▶ TASK GOAL
All lines from the one containing "Peugeot 5008 1.2 Hybrid GT e-DCS6" to the end of the listing below should be output exactly; omit the pictures.

▶ EXERCISE DATA

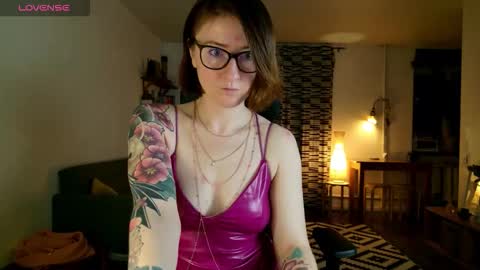 wild_peony online show from November 14, 8:00 pm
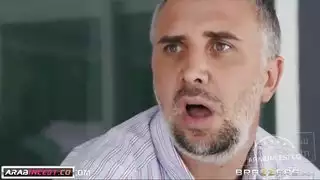 شرج خشن من الدي جي مع فتاة الترجمة الجنسية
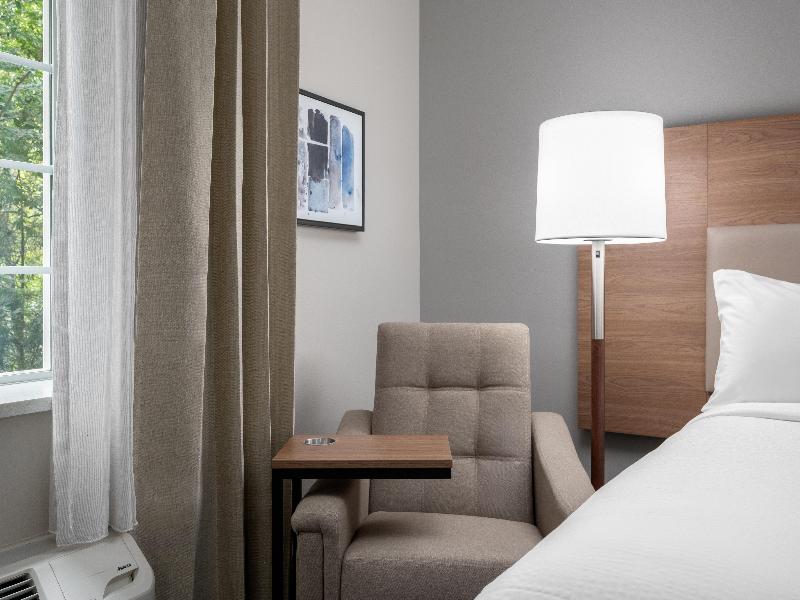 Candlewood Suites Mooresville Lake Norman,NC image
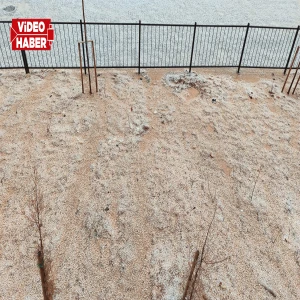 Şanlıurfa’da hava bir anda değişti: Dolu kenti beyaza bürüdü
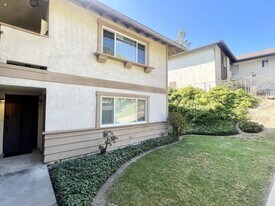 2143 Via Esmarca in Oceanside, CA - Building Photo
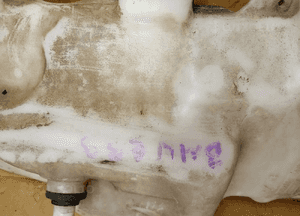 Zbiorniczek płynu spryskiwaczy pompki XENON BMW E39 8364941A 7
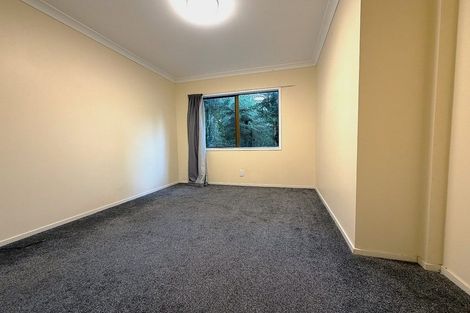 Photo of property in 52 Hiwihau Place, Glenfield, Auckland, 0629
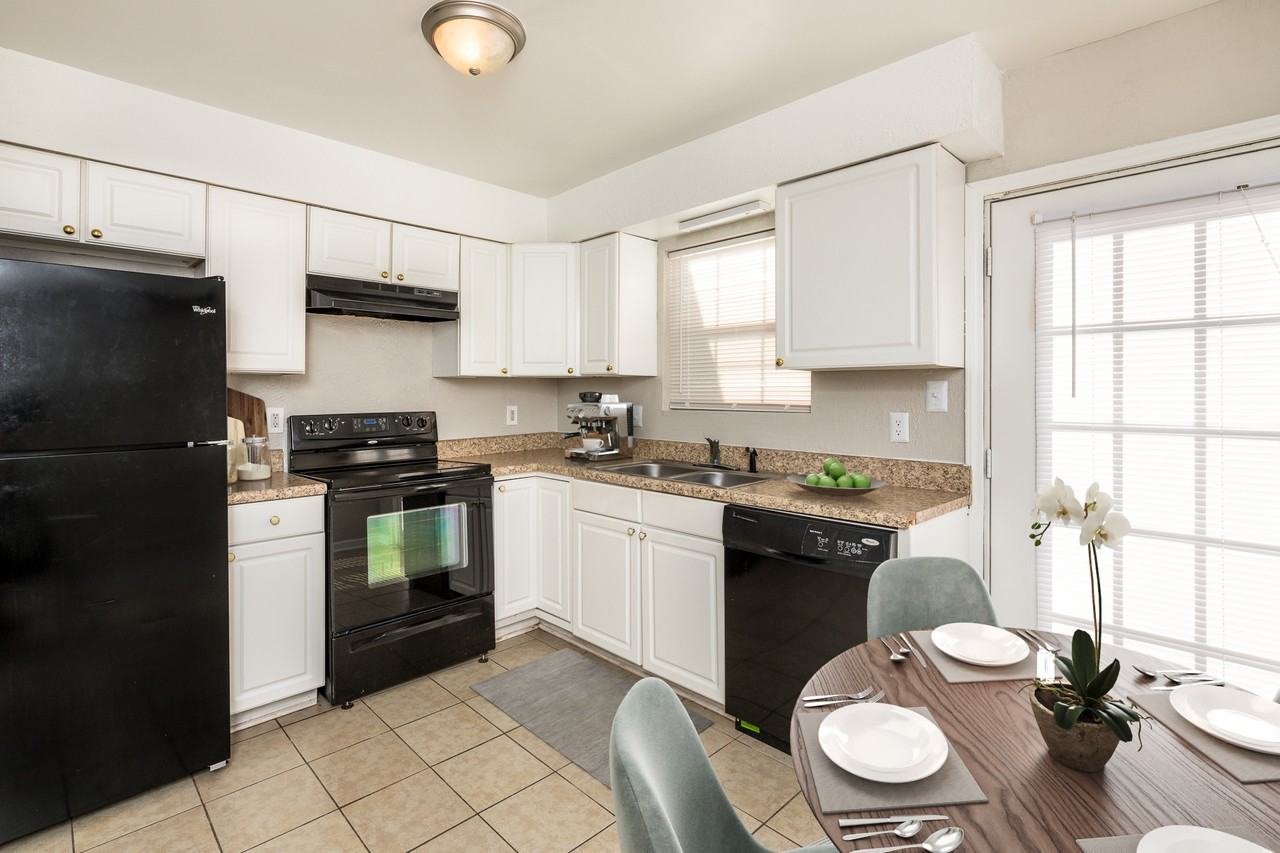 Country Club Apartments - Photo 4 of 41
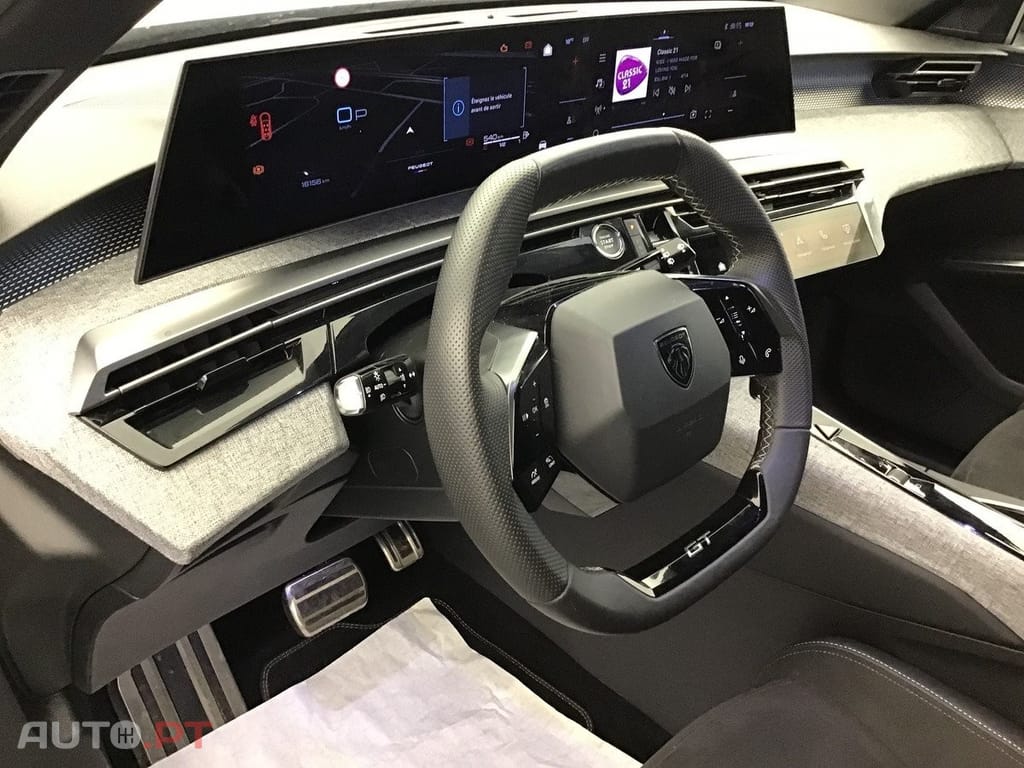 Peugeot 5008 1.2 Hybrid GT e-DCS6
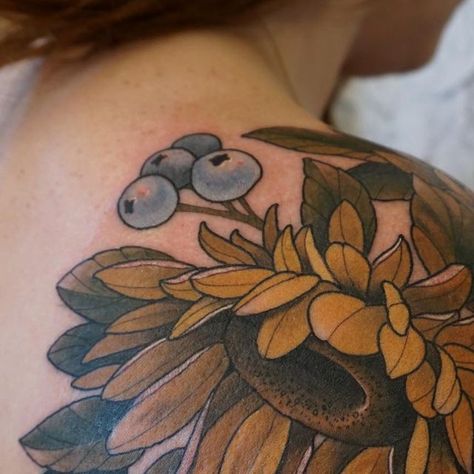 Melise Hill on Instagram: "One from a bit ago that I forgot to post. It wasnt meant as a shoulder cap, but sometimes a placement change works out even better than expected! Sunflower, dried milkweed and eucalyptus bunch. • • • #tattoo #melisehilltattoo #blackclawneedle #neotraditional #neotraditionaltattoo#lithuanianirons #mavericktattoomercantile #floraltattoo #botanicals #nature #sunflowertattoo #eucalyptustattoo #shouldercaptattoo" Neo Trad Sunflower, Neo Traditional Sunflower Tattoo, Neo Traditional Sunflower, Shoulder Cap Tattoo, Black Claws, Sunflower Tattoos, Sunflower Tattoo, Neo Traditional, Girly Tattoos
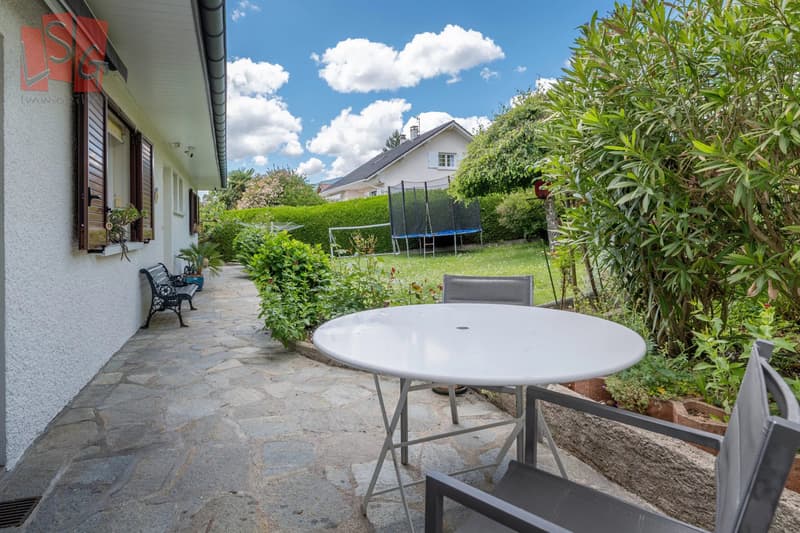Belle villa familiale de 152 m² à Challex avec piscine (2)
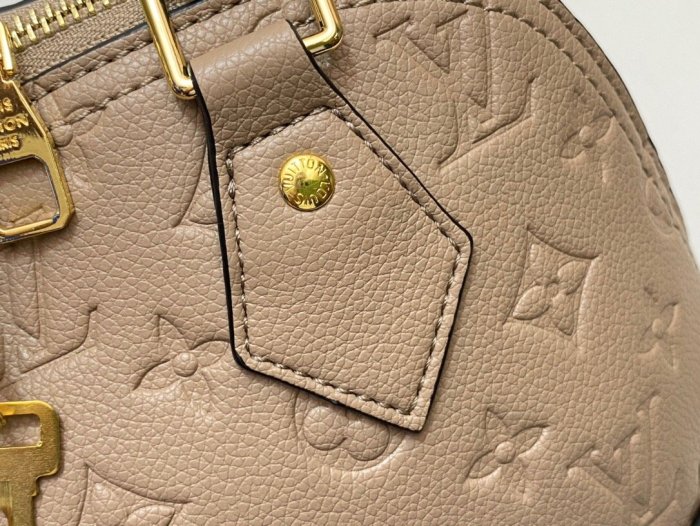 Leather Neo Aima BB bag ,AAAAA ,size 25x18x12cm,  B110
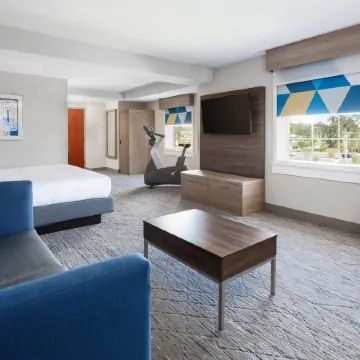 Holiday Inn Express & Suites WILLIAMSBURG by IHG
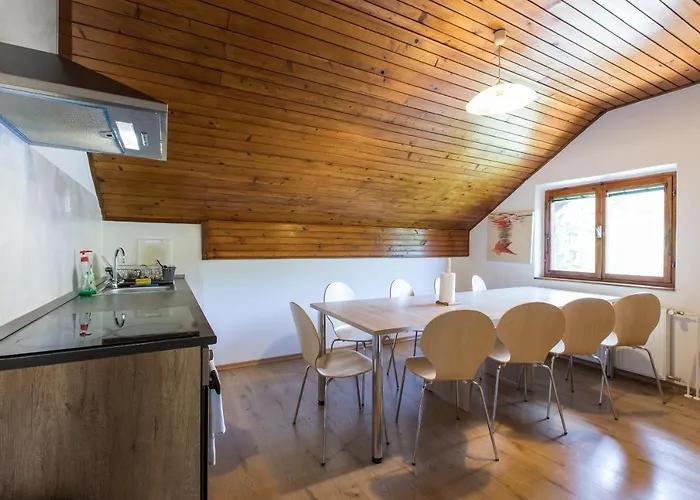 بيت شباب Dolar بليد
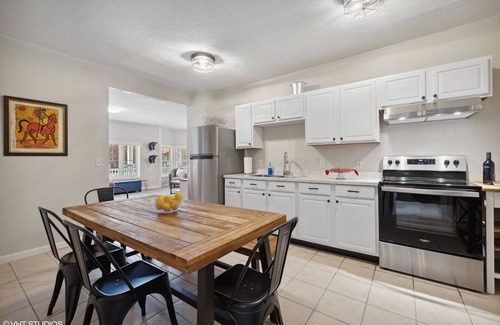 Three Oaks House | The Grand Elm - Stately homestead in the heart of Three Oaks, MI - 6 bed, 3 bath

▶ YOUR SOLUTION
 Peugeot 5008 1.2 Hybrid GT e-DCS6
 Melise Hill on Instagram: "One from a bit ago that I forgot to post. It wasnt meant as a shoulder cap, but sometimes a placement change works out even better than expected! Sunflower, dried milkweed and eucalyptus bunch. • • • #tattoo #melisehilltattoo #blackclawneedle #neotraditional #neotraditionaltattoo#lithuanianirons #mavericktattoomercantile #floraltattoo #botanicals #nature #sunflowertattoo #eucalyptustattoo #shouldercaptattoo" Neo Trad Sunflower, Neo Traditional Sunflower Tattoo, Neo Traditional Sunflower, Shoulder Cap Tattoo, Black Claws, Sunflower Tattoos, Sunflower Tattoo, Neo Traditional, Girly Tattoos
Belle villa familiale de 152 m² à Challex avec piscine (2)
 Leather Neo Aima BB bag ,AAAAA ,size 25x18x12cm,  B110
 Holiday Inn Express & Suites WILLIAMSBURG by IHG
 بيت شباب Dolar بليد
 Three Oaks House | The Grand Elm - Stately homestead in the heart of Three Oaks, MI - 6 bed, 3 bath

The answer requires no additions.